La badante della Lisetta è differente da tutte le altre. E’ una ragazza affettuosa, non parla molto bene l’italiano, ma sa ascoltare. Senza dubbio finge, pensa Carmine, ma lo sa fare bene e alla Lisetta, in fondo, basta questo. E’ una ragazza moldava, un po’ in carne, ma con lineamenti delicati e due occhi azzurri profondi come il mare di Sicilia. A Carmine piace guardarla di nascosto, mentre si occupa del suo lavoro. Ieri Carmine ha staccato una rosa dal roseto per lei, ma poi non ha avuto il coraggio di dargliela. Tornato a casa si è maledetto, rischiare un rapporto sul lavoro per nulla. La notte, prima di dormire, Carmine pensa a lei. Ne ha parlato con Beppe. Lui dice che il tempo è prezioso e che deve prendere il coraggio a due mani e lanciarsi. Ma Carmine non ha esperienza, le donne gli mettono timore. Allora Beppe ha detto che lo avrebbe aiutato, che sarebbe andato a parlare con la Lisetta e così avrebbe stabilito un contatto con la ragazza. “E’ una tecnica di guerra” ha detto Beppe sogghignando “si chiama testa di ponte.” Carmine non ne vuole sapere, un vero uomo deve prendersi le proprie responsabilità, punto e basta.

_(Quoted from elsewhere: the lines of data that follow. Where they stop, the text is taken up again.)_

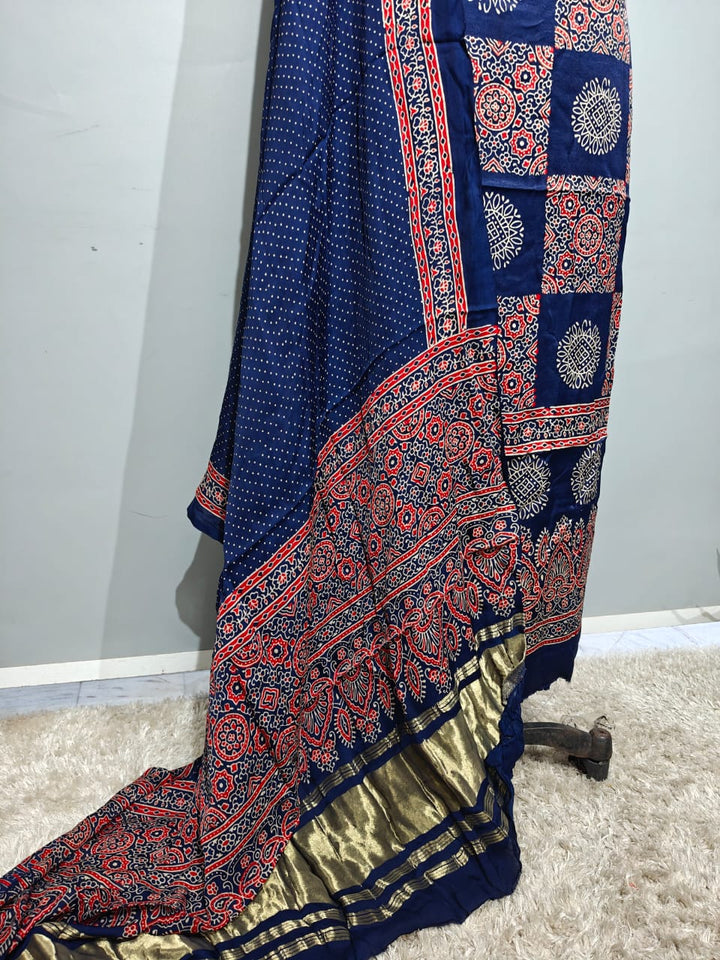 Pure Modal Silk Ajrakh Hend Block Zari Pallu Weaved 3pc Unstitched Suit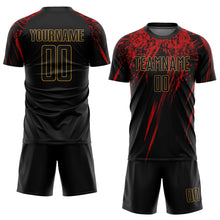 Load image into Gallery viewer, Custom Black Black Old Gold-Red Sublimation Soccer Uniform Jersey
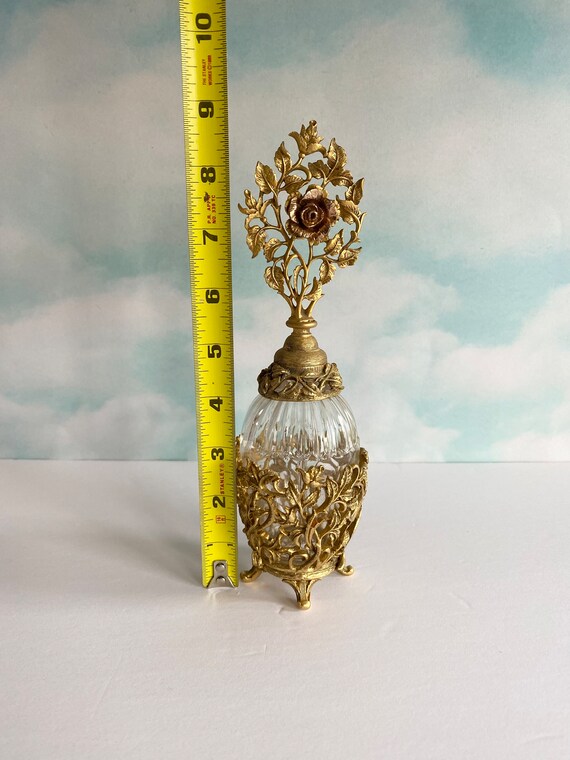 Vtg Ormolu Gold Plated Glass Perfume Bottle, Boud… - image 8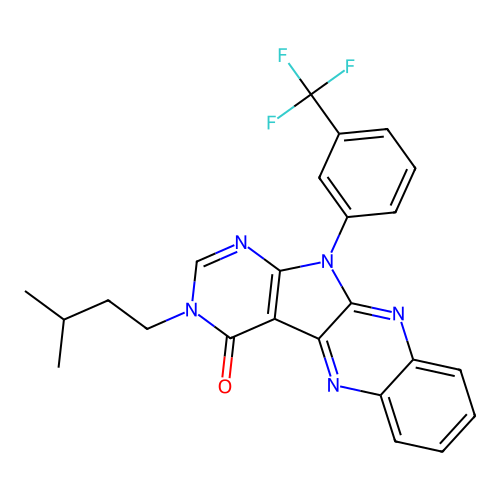 3-(3-methylbutyl)-11-[3-(trifluoromethyl)phenyl]-3,11-dihydro-4H-pyrimido[5',4':4,5]pyrrolo[2,3-b]quinoxalin-4-one structure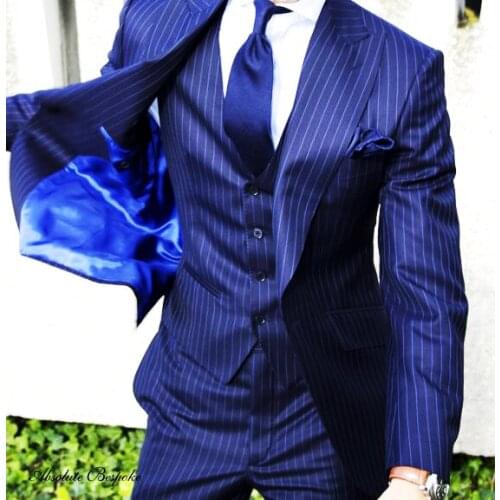 Suit Men Striped 3 Set 2020 Mens Wedding Dress Suits Plus Size Business Casual Formal Tuxedo Male(Blazer+Vest+Pants)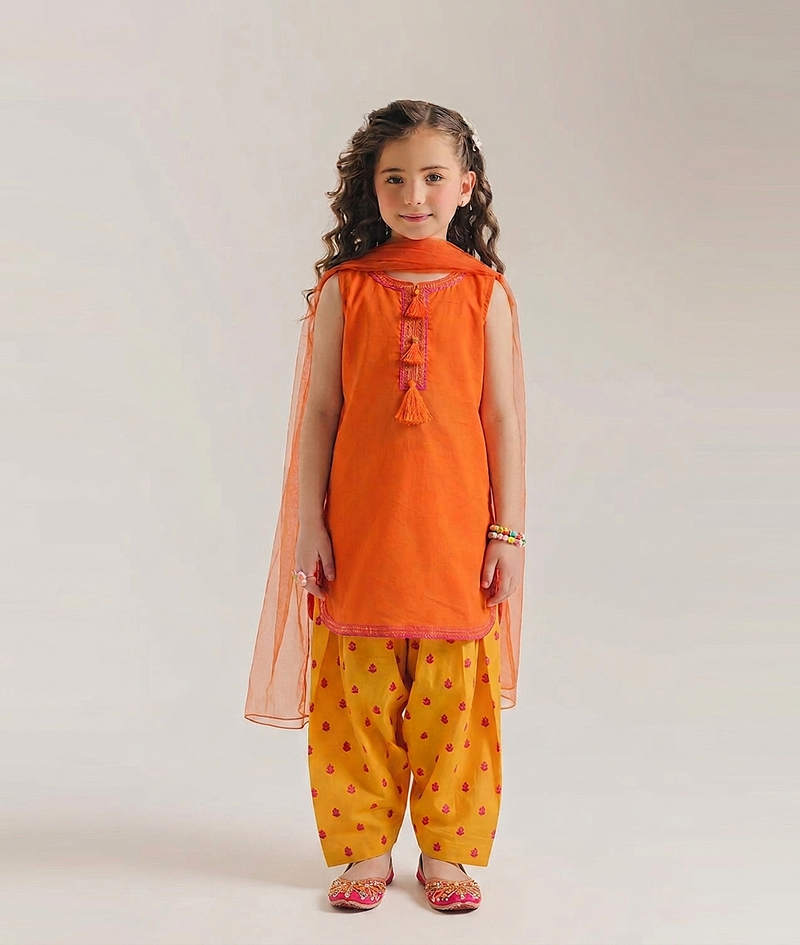 Girls' 3 Piece Lawn Suit - Embroidered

Ma i giorni passano e il coraggio non arriva. C’era un prete che diceva qualcosa come “il coraggio chi non lo ha non se lo inventa.” Che libro era? si chiede Carmine.
Carmine torna a casa alle otto in punto. Abita in una mansarda nel centro storico, poca luce, poca aria e tanta polvere. Spazzare e togliere le ragnatele non è cosa da uomini, ma femmine per casa non ce ne sono e qualcosa deve fare. Poco, a dire il vero, quanto basta per non vivere in un porcile. Carmine posa la forchetta sul piatto vuoto. Rutta l’insipido sugo pronto e spegne la Tv. E’ stufo, si, è stufo della Tv, della pasta con il sugo pronto, è stufo di spazzare in terra e di lavare i pavimenti. E’ stufo, soprattutto, di passare tutte le sere da solo, nell’attesa che venga il mattino e possa chiacchierare con Dimitru e Beppe.
La solitudine è un sugo che all’improvviso scopri insipido, una conduttrice che non ha più nulla da far vedere. Di chi era questa frase? Carmine non ricorda. Se avesse più fiducia in se stesso, non avrebbe problemi a rispondere: è mia, io sono il poeta. Ma Carmine, davanti allo specchio e davanti al mondo, è solamente il terrone guardiano del parco. Non gli è richiesto pensare, ma spazzare. Così ha deciso di dare il consenso a Beppe. Ma si, che parli con Lisetta e faccia da “testa di ponte” per arrivare alla badante. Beppe è un signore, saprà sicuramente il da farsi. Ecco, magari Carmine chiederà a Beppe di dedicargli, da parte sua, quella frase sulla solitudine che gli è venuta in mente prima. E’ così bella. Beppe la conoscerà sicuramente.